Countless times in the past I’ve visualised Medicine Buddha, who sits, cross-legged with a bowl of healing nectars in his lap. But something is different tonight. Instead of a vague and flickering image which comes and goes in my mind, lapsing with concentration, tonight it is as though I am looking directly at Medicine Buddha – as if he is really here! He doesn’t require my concentration. There is nothing half-formed or imagined about the way he looks. I can study every aspect of his appearance just as I might scrutinise a person with my eyes wide open. In fact, he is more vivid than real life, there’s a quality of heightened reality about him. The colours of his robes and skin glow more radiant, the sensation of the different healing nectars he pours into my body are powerfully vivid. Most of all, the sensation of connection I feel with him is blissful and all-consuming. And as healing nectar streams into my body from his bowl, I feel myself growing more robust, more confident, imbued with greater energy and power than in my whole life till now. Never mind that I am sitting on an exposed rock ledge in the middle of the Himalayas. Or that I’m fasting because we’re so short of food.
And though my absorption in the visualisation is complete, a part of my mind recollects my doubts from earlier in the night and I realise where I’ve gone wrong. Even if Lama Tsering’s ankle is hurt, that doesn’t mean he is unhappy. There is no automatic connection between our circumstances and our personal happiness.
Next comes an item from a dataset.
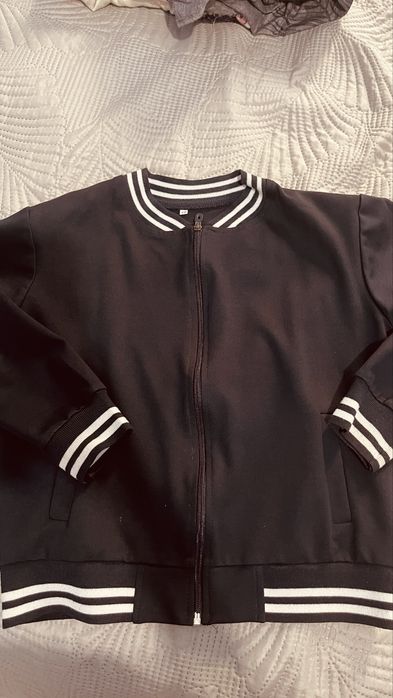 Продам школьные бомберы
Once again I have fallen victim to the superstition of materialism in imagining that our journey through the mountains should be a smooth one. But just because it was difficult, doesn’t mean we had to be miserable. In fact, as I sit here in the radiant presence of Medicine Buddha, my conviction has never been stronger that circumstances themselves have little meaning. Instead, it is our state of mind in the midst of such circumstances which fills us with apprehension – or bliss. It’s not what happens to you that matters, but the way you interpret things.
When lama directs us to end our meditation with the traditional dedication for the benefit of all beings, I wish he hadn’t ended the session so abruptly. Back at Zheng-po the meditation sessions could last for up to four hours, but tonight he’s in a hurry to end.
Or so it seems. Because when we open our eyes, it is to the clear light of morning. Eyes slowly refocusing on the distant peaks of the Himalayas, I discover I have sat, motionless for ten hours. In this unlikely place, and at this unlikely juncture in my life, I have just been the witness to something extraordinary.